What are your thoughts on the phrase, "Money can't buy happiness"?

I get paid very well. My hobbies also provide me significant income. My income is in the hundreds of thousands per year now. Yet, my job nearly works me nearly to death in terms of hours. My hobbies are sometimes time sensitive so can cause extreme stress if neglected, but are part of my "success" no less. I have a family I am responsible for and other normal things. But juggling these things often feels like a massive house of cards.

In terms if material possessions, I will never want something I can't have, to a degree. But, the stress of trying to keep up with everything that allows me to have this "freedom" wears me quite thin to the point of often being "unhappy". I'm frequently tired enough to not know where I am, or what day it is. I'm usually just focused on what's at hand and do not have capacity for much else.
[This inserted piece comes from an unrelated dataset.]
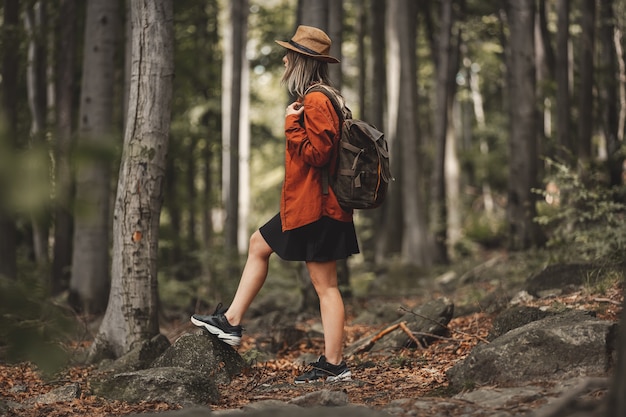 Chica de estilo con sombrero con mochila en un horario de verano Bosque de coníferas mixto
I grew up poor and that was terrible. I don't miss going to bed hungry, or wishing I could afford to go to movies with friends, simple luxuries even. Now I am well off and it is exhausting for completely different reasons a younger me wouldn't have understood or thought of. But I am afraid of slipping back into being "less fortunate".

Friends and family who know me have no pity for me. They say I have money and a successful career, a good family, and I should be happy. It's difficult to feel sad and tired, but have people call these things out any time I reach for help.

I'm on reddit in a meeting right now. My day has several hours left and after about 5 hours of sleep the cycle will repeat.